- **Directions**: Could you transcribe exactly the lines below, from the line with "Additional front view" through the line with "S925 sterling silver", and nothing else, leaving out the pictures?

- **Records for this task**:

※ ※ ※

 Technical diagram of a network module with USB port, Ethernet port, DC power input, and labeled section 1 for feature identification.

※ ※ ※

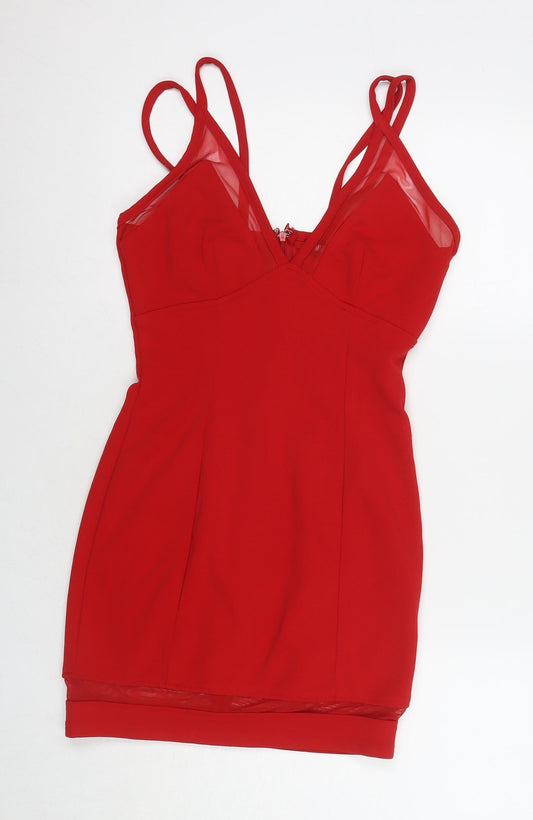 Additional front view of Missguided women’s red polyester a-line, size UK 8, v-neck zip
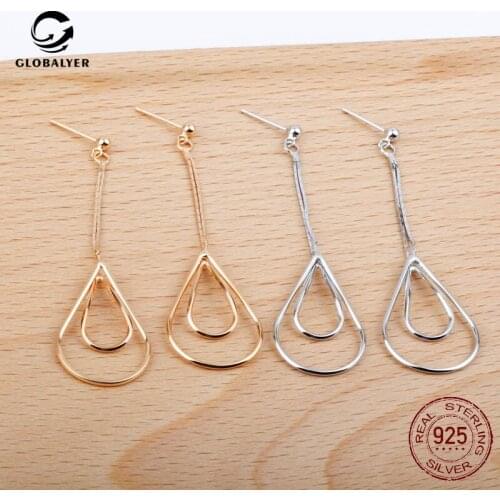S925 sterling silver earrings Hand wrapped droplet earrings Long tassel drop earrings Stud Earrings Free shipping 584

※ ※ ※

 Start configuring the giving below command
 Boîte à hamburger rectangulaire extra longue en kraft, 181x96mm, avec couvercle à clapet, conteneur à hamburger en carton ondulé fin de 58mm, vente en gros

※ ※ ※

- **Output for this task**:
 Additional front view of Missguided women’s red polyester a-line, size UK 8, v-neck zip
S925 sterling silver earrings Hand wrapped droplet earrings Long tassel drop earrings Stud Earrings Free shipping 584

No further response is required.